Nos dicen que estas cosas son verdaderas políticas
socialistas. Mentira: son políticas estatistas, pues nada tiene que ver el
socialismo con la estatización. Sino que se lo pregunten a los 145 millones de
pobres, auténtica famélica legión, que dejó dicha estatización en la derrumbada
URSS.
En vez de preocuparse por recuperar la economía, con
verdaderas inversiones para evitar que la gente sea cada día más pobre, no, nos
preocupamos de las políticas solidarias con todo quisque: desde prostitutas y
lesbianas, hasta invertidos y demás.
Este gobierno, asimismo, tendría también que
preocuparse por la protección de todas las personas para que, en el caso de que
hubiese trabajo, cada cual pudiera disfrutar de lo obtenido por dicho trabajo.
Este interés por la solidaridad, las ONGs,
jubilaciones, etc, etc, no es más que para defender la gran vidorra que se
están llevando a costa del “pueblo soberano”. Vean los miles y miles de
liberados de pata negra que hay en España.
Además, el Estado con sus reinos Taifas, es un buen
refugio para “ministrinos”, funcionarios de alto nivel “ad company”, que se
apoderan del producto del trabajo ajeno, argumentando falsos conceptos éticos y
moralistas dando lugar a todo tipo de corrupciones.
Este nefasto gobierno que tenemos en estos momentos en
España, tal parece que ignora las terribles consecuencias que, a corto plazo,
pueden traer, y están trayendo, estas políticas desastrosas propias de sujetos
inmaduros.
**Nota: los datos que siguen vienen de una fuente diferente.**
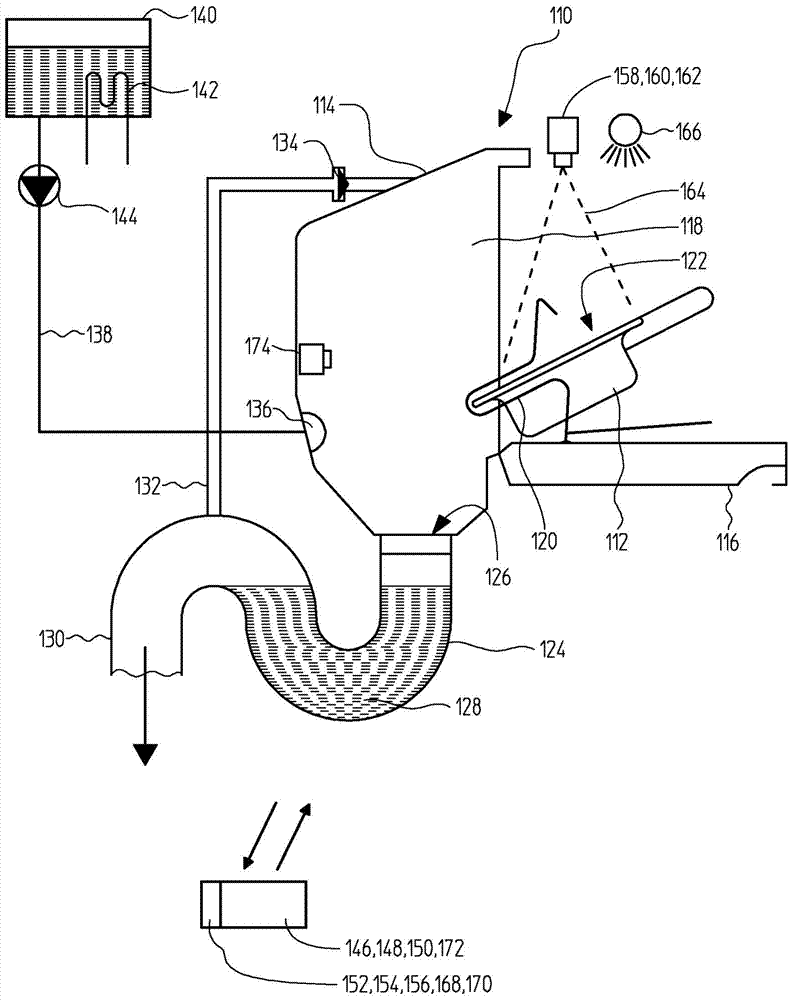 Cleaning and disinfecting apparatus for treating containers for human excretions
La calígine mental de esta pandilla de íncubos es de una nebulosidad
cósmica.
La verdad es que es triste ver a mucha gente, jóvenes
y mayores, irse al extranjero a trabajar. Pero más triste es quedarse aquí
totalmente indefenso ante un Estado manejado por un gobierno de “progres”, o
como diría D. Pío Baroja, de truchimanes y belitres.